Assume that $Y = (Y_t)_{t\in[0, 1]}$ is realized over a complete probability space $(\Omega, \mathcal{F}, \mathbb{P})$ such that the function $C : \Omega \to [0, \infty]$ defined by
$$ C(\omega) = \sup_{\substack{s, t \in [0, 1] \\ s \neq t}} \frac{|Y_s(\omega) - Y_t(\omega)|}{|s-t|^{\alpha}} $$
is measurable, then
If $\omega \in \Omega$ is such that $C(\omega) < \infty$, then $|Y_t(\omega) - Y_s(\omega)| \leq C(\omega)|t - s|^{\alpha}$ for all $s, t \in [0, 1]$ and hence $t \mapsto Y_t(\omega)$ is $\alpha$-Holder continuous.

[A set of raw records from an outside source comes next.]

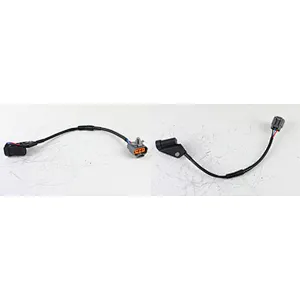 CRANKSHAFT POSITION SENSOR,3P,L=370MM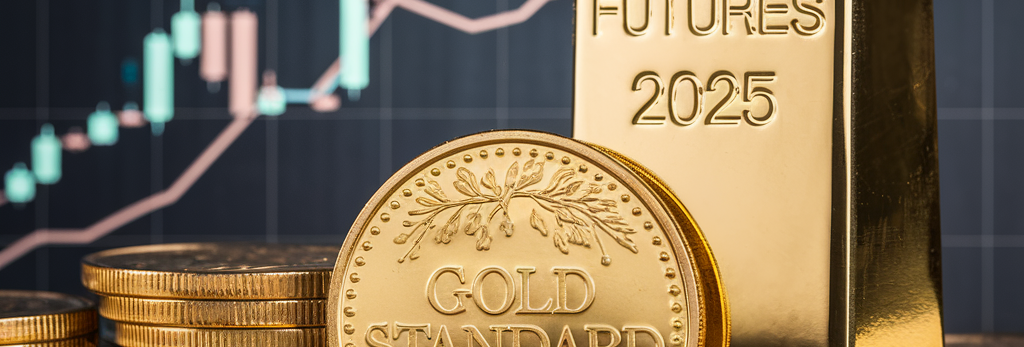 Goldpreis 2025: Die wichtigsten Tipps & Fakten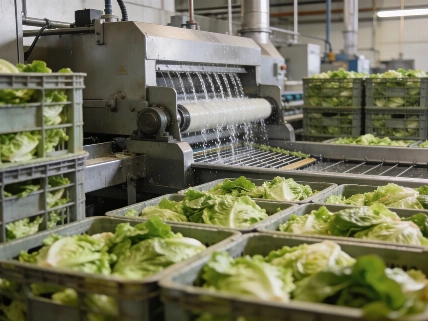 First Deaths in US Linked to Cyclospora Outbreak from Contaminated Lettuce RUSSPAIN.com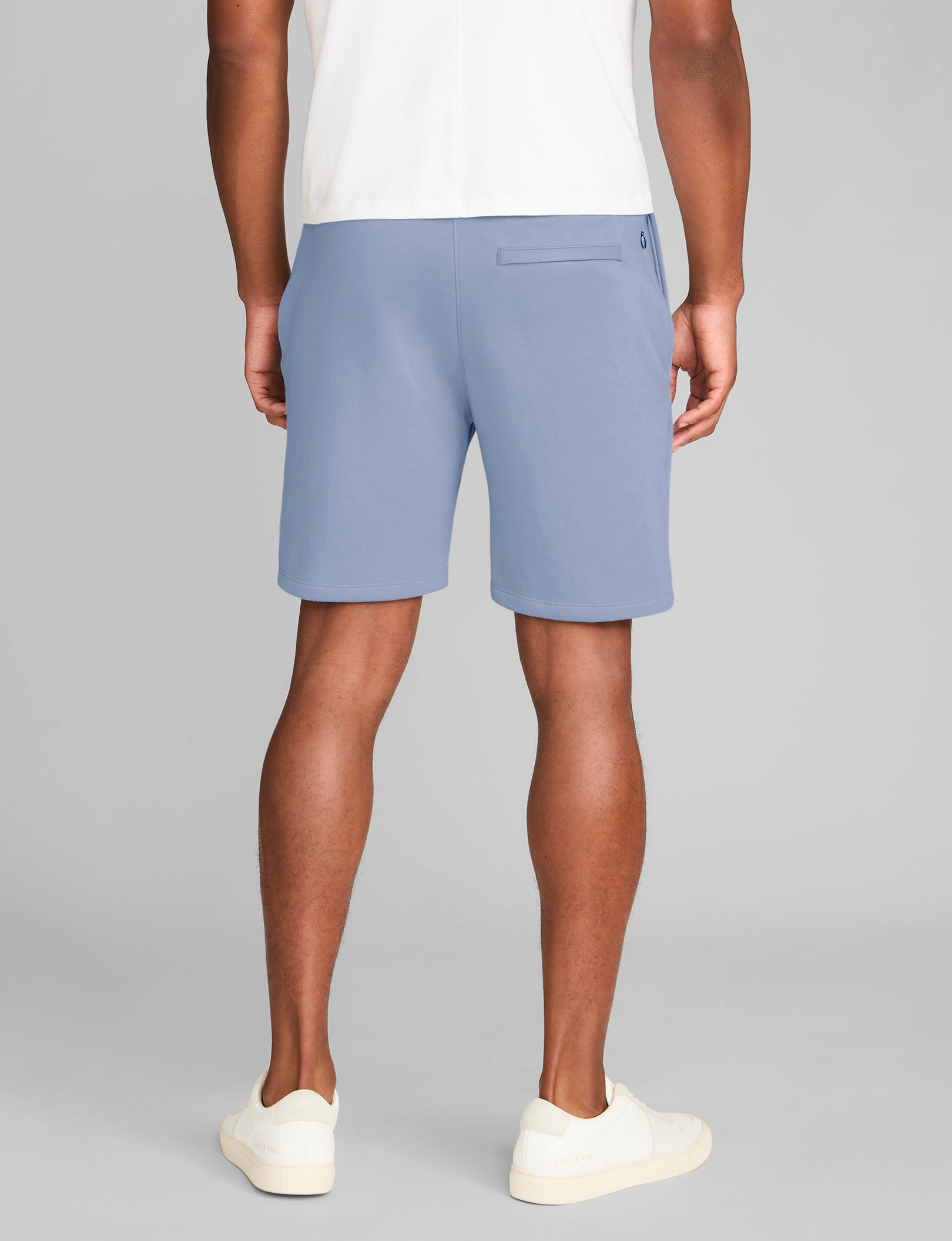 French Terry Short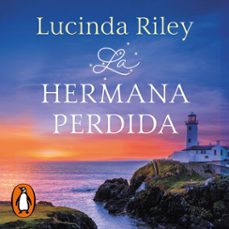 la hermana perdida (las siete hermanas 7) (audiolibro)-lucinda riley-9788401028281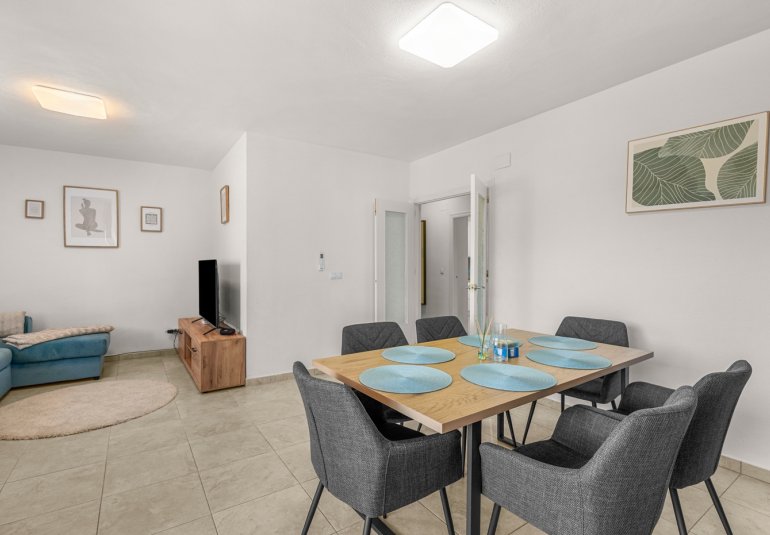 Resale - Apartment -
LOS URRUTIAS - ESTRELLA DE MAR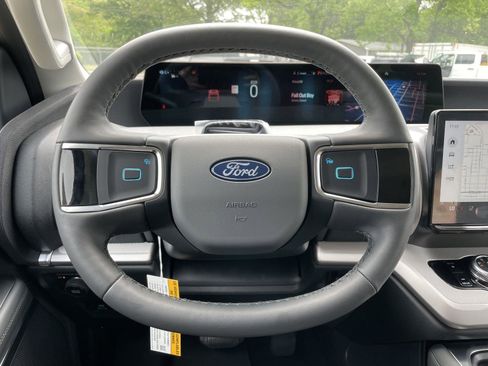 New 2026 Ford Expedition Max Active AWD/4WD image 16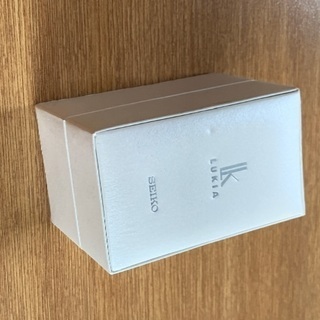 腕時計 レディース セイコー (SEIKO) 4R38 自動巻き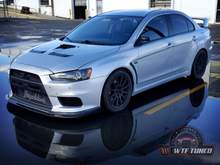 Evo x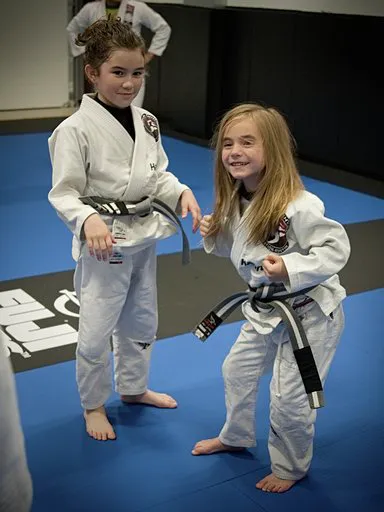 Soul Fighters Leander Picture 8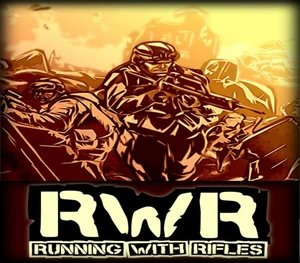 RUNNING WITH RIFLES EU PC Steam CD Key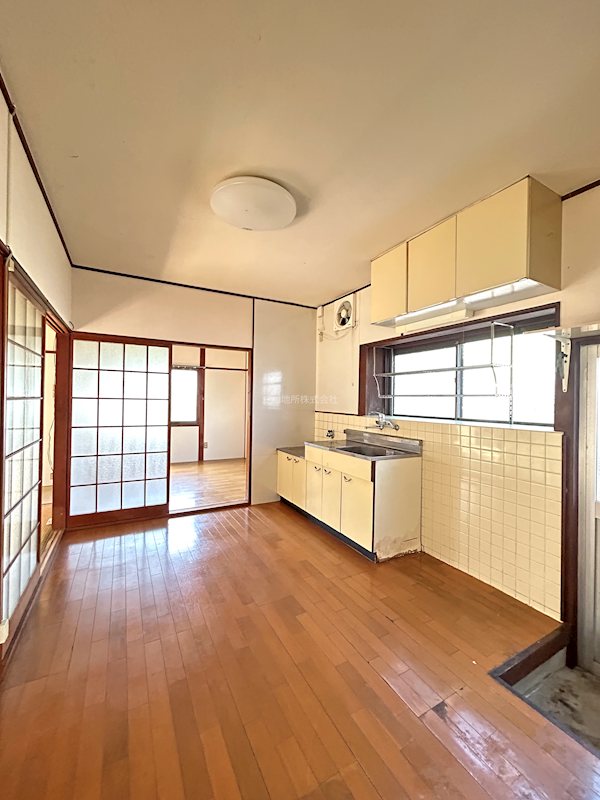 稗田中町F貸家 その他部屋・スペース
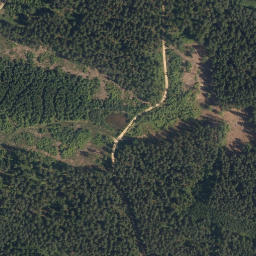 Satellite imagery of Hoher Stein, AT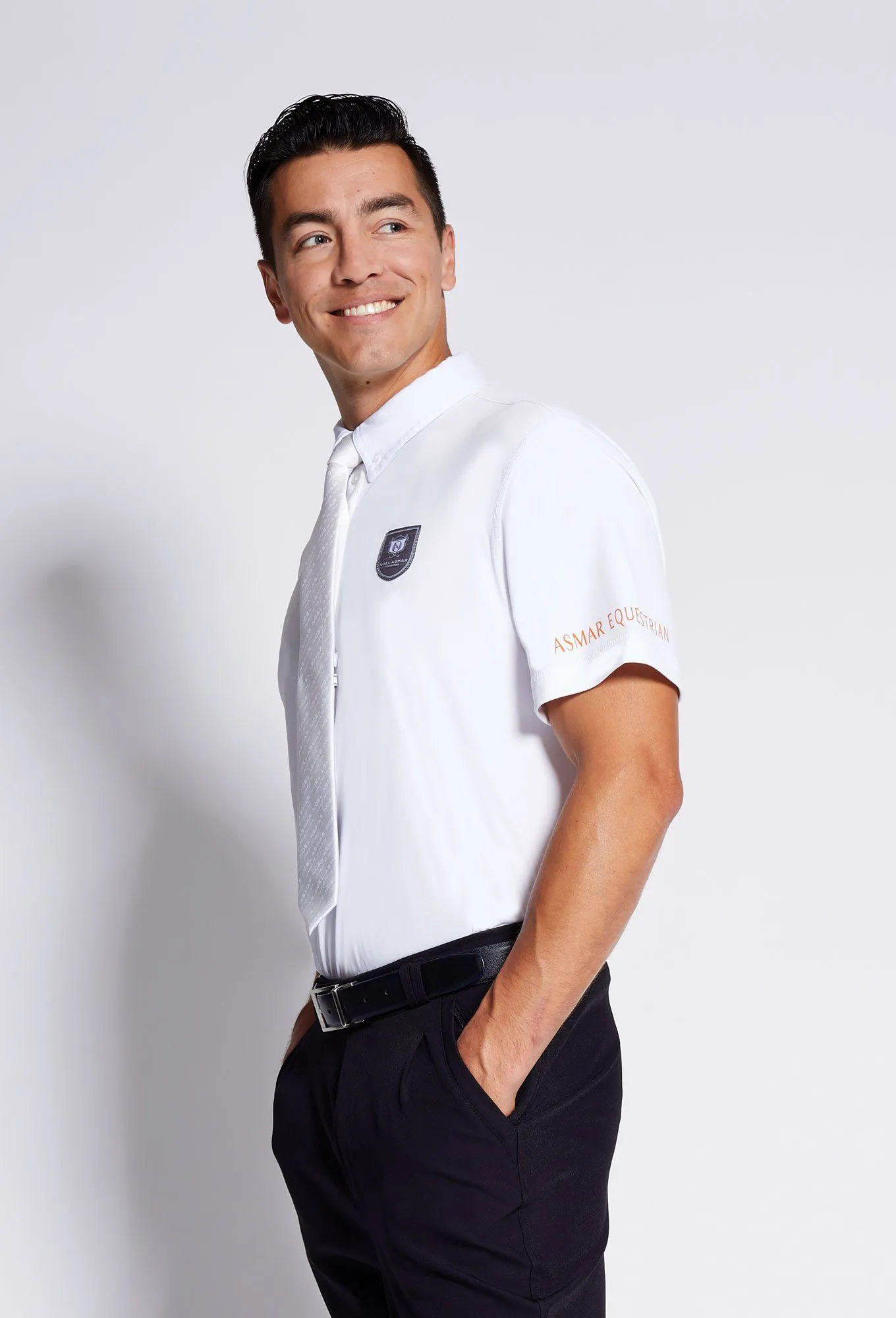 Men's Show Polo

In particular, $$ E := \{ \omega : t \mapsto Y_t(\omega) \text{ is continuous} \}$$ satisfies $$ E^{c} \subseteq \{ \omega : C(\omega) = \infty \} $$
If in addition that $\mathbb{E}[C] < \infty$, then $\{ C = \infty\}$ is measurable and $\mathbb{P}[C = \infty] = 0$. Since the probability space is complete, this implies that $E^c$ is also a measurable null-set. Therefore $E$ is also measurable and $\mathbb{P}[E] = 1$, i.e. the sample path is $\mathbb{P}$-a.s. continuous.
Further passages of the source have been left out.